Melanggar Aturan WTO?
AS berulang kali menyatakan ketidakpuasannya, terutama terkait isu perdagangan dengan China. Namun demikian, aturan perdagangan multilateral dapat memberikan keuntungan bagi negara-negara yang bergantung pada pasar AS, terutama jika negara-negara tersebut bersatu untuk meningkatkan posisi tawar mereka di hadapan AS. Setidaknya, membawa isu tarif balasan ini ke forum multilateral akan mengurangi ketidakpastian dalam perdagangan internasional.
Beberapa Pasal WTO dapat dijadikan argumen, rujukan, dan penilaian agar negara yang dikenakan tarif mendapatkan keuntungan jika mengajukan isu kebijakan tarif Trump ke forum multilateral:
- Pasal I GATT: AS menerapkan tarif produk impor kepada 57 negara yang berbeda tingkat tarifnya dengan negara-negara anggota WTO lainnya.

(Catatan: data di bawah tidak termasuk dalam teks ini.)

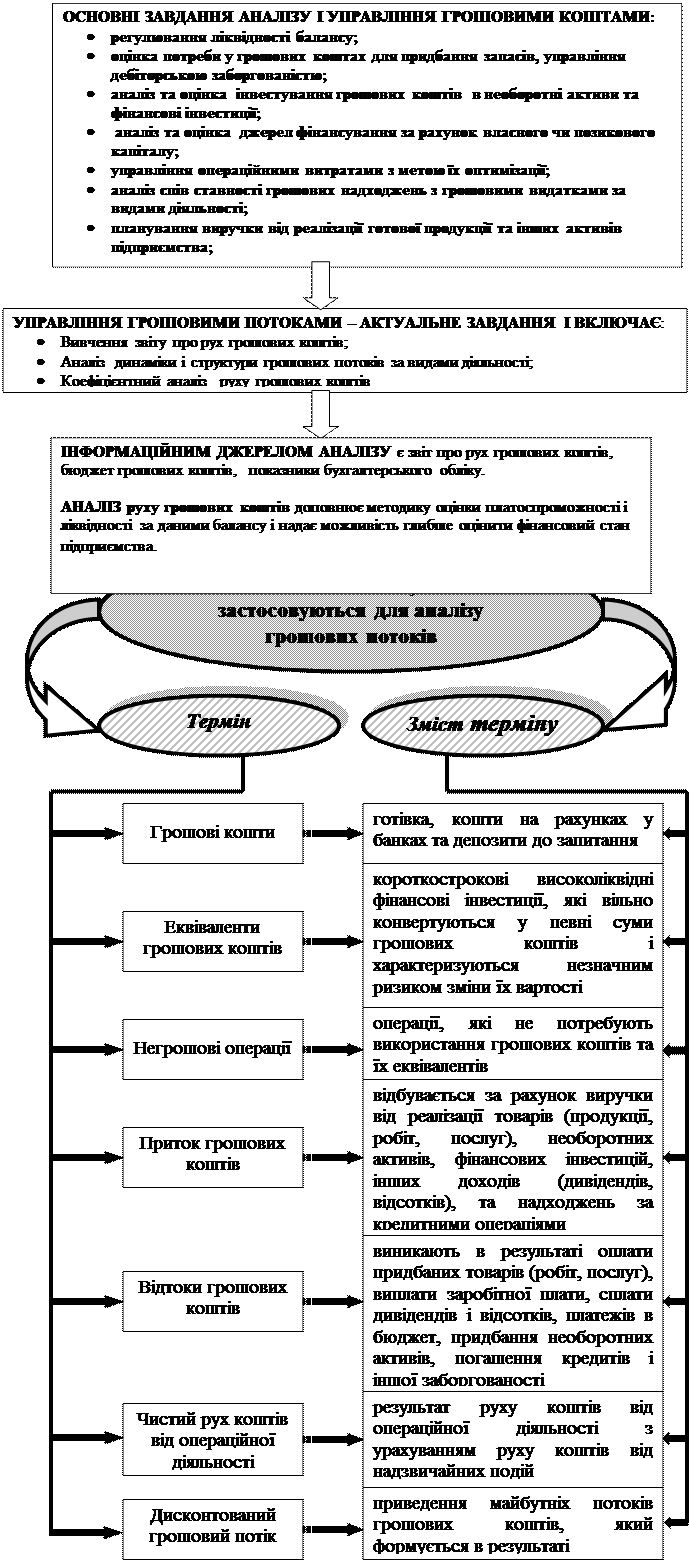 Все слід вимірювати грошима. Тільки це дозволить людям обмінюватися своїми послугами, і тільки так існуватиме суспільство - student2.ru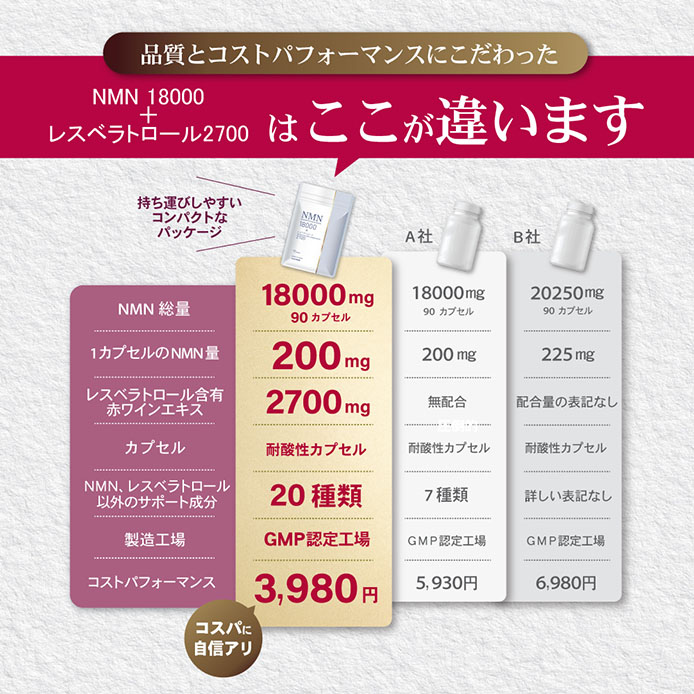 MN総量 18,000mg 3セット Amazon | NMN 18000mg 高純度 100% 分析済 (90粒 / 日本製/発酵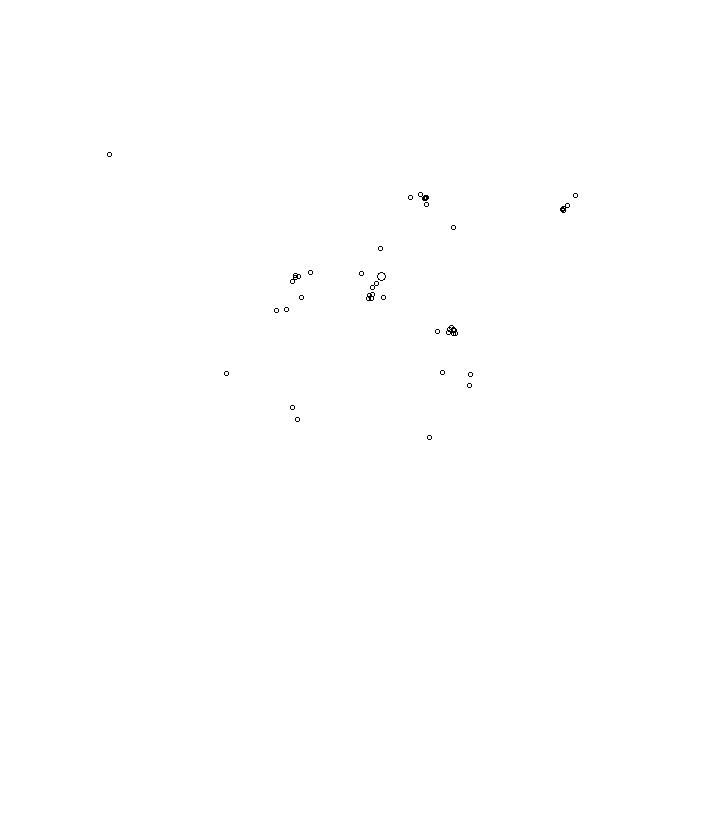 Overlay Image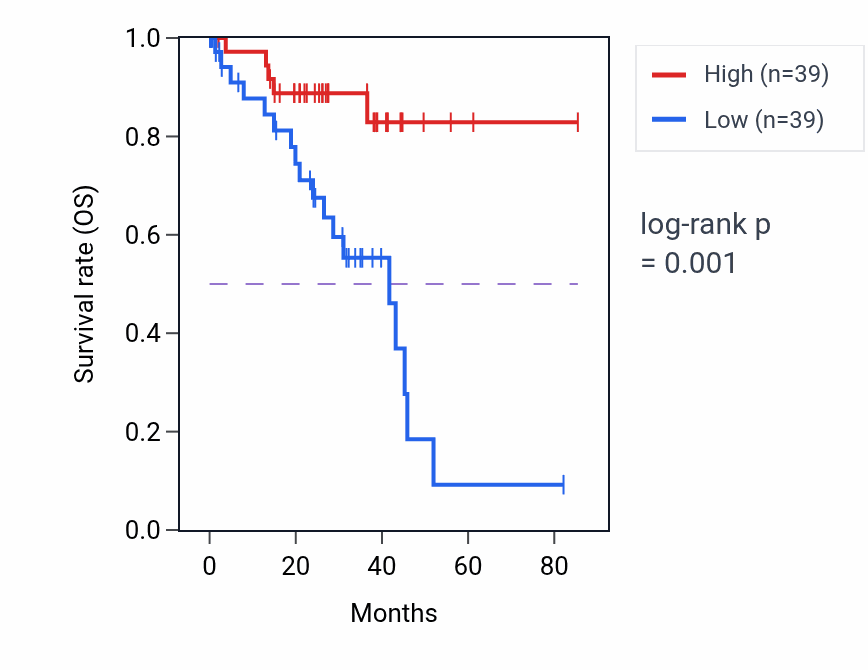 Kaplan&ndash;Meier survival curve for Behavioral response to ethanol pathway activity in UVM.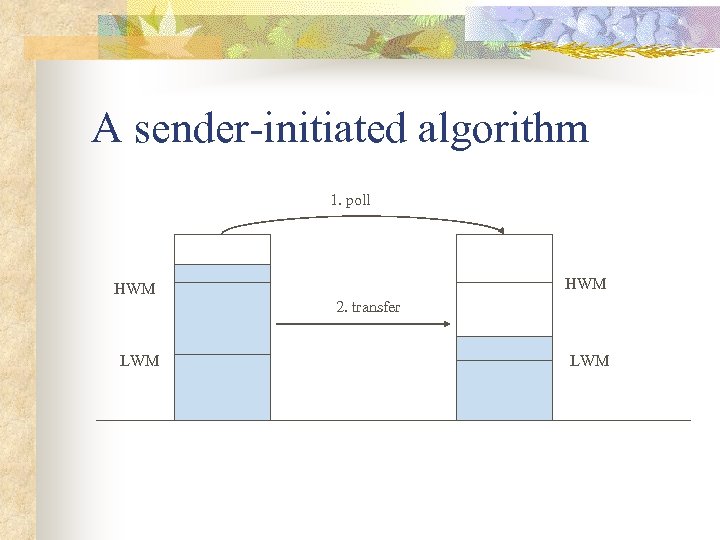 A sender-initiated algorithm 1. poll HWM 2. transfer LWM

- Pasal II:1(a) of GATT 1994: tentang tarif bea masuk dan perlakuan non-diskriminatif yang mengatur setiap negara anggota GATT harus memberikan perlakuan dan tingkat tarif yang sama kepada produk impor dari negara-negara anggota WTO lainnya.
- Pasal II:1(B) GATT 1994: mengatur tentang kewajiban negara-negara anggota untuk tidak mengenakan biaya atau pungutan lain pada impor melebihi yang telah disepakati dalam daftar konsesi tarif mereka.
- Pasal VIII:3 GATT 1994: mengatur tentang biaya yang terkait dengan impor dan ekspor termasuk memastikan biaya tersebut tidak menjadi hambatan perdagangan serta bertujuan mengurangi hambatan perdagangan.
Tindakan pengenaaan tarif resiprokal yang diterapkan oleh AS telah melebihi batas bound tariff berdasarkan skedul konsesi tariff AS pada GATT schedule consessions sebagaimana telah diatur dalam pasal II:1(a) dan II:1(b) GATT. Pasal VIII:3 GATT 1994, karena langkah-langkah penerapkan tarif resiprokal ini sangat substansial, maka dapat dianggap tidak konsisten terhadap peraturan bea cukai atau persyaratan prosedural dan akan memberikan efek negatif terhadap negara yang selama ini mendapatkan manfaat atas kepastian konsesi yang telah ditetapkan oleh AS sebelumnya.
Membawa isu ini ke WTO akan membantu menyelesaikan ketegangan perdagangan dan mencegah eskalasi perang dagang lebih lanjut. Selain itu, dapat menjadi preseden untuk sengketa perdagangan di masa depan dan memastikan agar para anggota mematuhi aturan WTO. Demikian pula negara yang terkena dampak, utamanya negara berkembang, mempunyai hak mendapatkan kompensasi dari kebijakan suatu negara bila diputuskan melanggar aturan WTO. Bukankah sudah banyak preseden negara berkembang juga mampu memenangkan sengketa di WTO atas negara maju, termasuk Indonesia?